Overall, rank adaptation in 5G MIMO systems plays a critical role in optimizing system performance by dynamically adjusting the spatial multiplexing configuration to match the prevailing channel conditions, traffic requirements, and quality of service (QoS) constraints. By effectively utilizing spatial diversity, rank adaptation helps achieve higher data rates, improved reliability, and enhanced spectral efficiency in wireless communication systems.

class toolkit5G.Scheduler.RankAdaptation(sigma, threshold=0.75, SNRdB=0, SNRdBmin=None, isRankIndicatorSubcarrierSpecific=False)[source]

This module estimates the number of layers (\(N_L\)) that can be supported for PDSCH transmission.

Parameters:
  • sigma (numpy array) – Defines the singular values from SVD of the channel. The rank is selected based on the eigen/singular values of the MIMO channel. This implementation accepts the sigma in following dimensions

    • (rank,): 1D array to support flat faded channel or channel for a single subcarrier of OFDM where rank is minimum of the number of antennas at transmitter and receiver denoted by rank \(= \text{min}\{N_t, N_r\}\).

    • (numSubcarriers, rank): 2D array to support flat faded multi-user channels or frequency selective OFDM channel where numSubcarriers will be number of users or number of subcarrier respectively.

    • (numBatches, numSubcarriers, rank): to support multi-batch/multi-user frequency selective channel.

  • threshold (float) – Defines the fraction of energy level to be captured by the selected rank where fraction is defined as \(\frac{\sum_{i=0}^{i=N_L} sigma[i]^2}{\sum_{i=0}^{i=rank} sigma[i]^2}\).
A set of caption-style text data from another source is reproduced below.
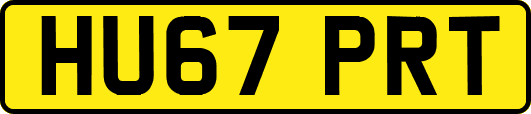 HU67PRT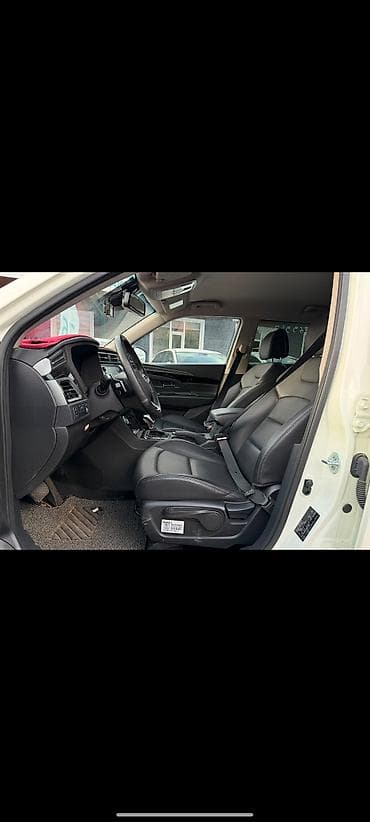 14: Ssangyong Korando: 2021 г., 1.5 л, Автомат, Бензин, Кроссовер — 5
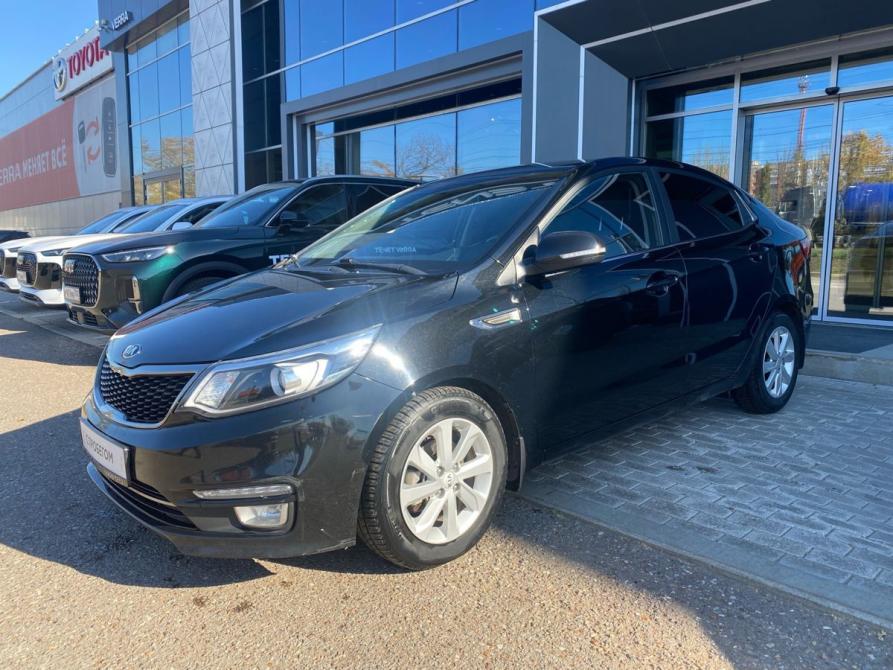 Kia Rio III Рестайлинг Стерлитамак  - изображение 1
The \(N_L\) denotes the number of layers selected for PDSCH/data transmission. The default value for this parameter is 0.75. This parameter is relevant only for “threshold-based” method

  • SNRdB (float) – Defines the preprocessing signal to noise ratio (SNR) in dB. It is computed as \(10\times log(\frac{P_t}{N_0})\). Default value is 0. This parameter is relevant only for “decodability-based” method.

  • SNRdBmin (float) – Defines the minimum SNR/SINR (in dB) required to decode the PDSCH data. This parameter depends on the modulation order and code rate (MCS) parameter. Default value is None. This parameter is relevant only for “decodability-based” method.

  • isRankIndicatorSubcarrierSpecific (boolean) – Defines a flag which controls the estimation of the number of layers (\(N_L\)). If this flag is True then the \(N_L\) is estimated for every subcarrier otherwise will return one \(N_L\) which suits all the subcarriers.

Input:

method (string) –

Defines the method used for rank estimation. Current implementation supports two methods {“threshold-based”, “decodability-based”}. Default value is “threshold-based”.

  • “threshold-based” method has lower complexity but results in poor performance.

  • “decodability-based” method` selects the maximum rank that can support a given modulation order. This methods considers the state of the link (sigma) and transmit parameter (SNRdB, SNRdBmin) while estimating the rank.

Output:

numpy array – returns the number of layers (\(N_L\)). The shape of the output is detailed below.

Note

The isRankIndicatorSubcarrierSpecific flag influences the shape of the output as follows:

  • If isRankIndicatorSubcarrierSpecific is True, the shape of output will be:

    • scalar indicating number of layers if shape of input is (rank,).

    • (numSubcarriers,) indicating number of layers (\(N_L\)) for each subcarrier if shape of input is (numSubcarriers, rank).

    • (numBatches, numSubcarriers) indicating number of layers (\(N_L\)) for each subcarrier and each batch if shape of input is (numBatches, numSubcarriers, rank).

  • If isRankIndicatorSubcarrierSpecific is False, the shape of output will be:

    • scalar indicating number of layers if shape of input is (rank,).

    • scalar indicating number of layers common for all the subcarriers if shape of input is (numSubcarriers, rank).

    • (numBatches,) indicating number of layers (\(N_L\)) common for each subcarrier but specific to each batch if shape of input is (numBatches, numSubcarriers, rank).

Raises:

ValueError – [Error-RankAdaptation]: ‘method’ can be either ‘decodability-based’ or ‘threshold-based’!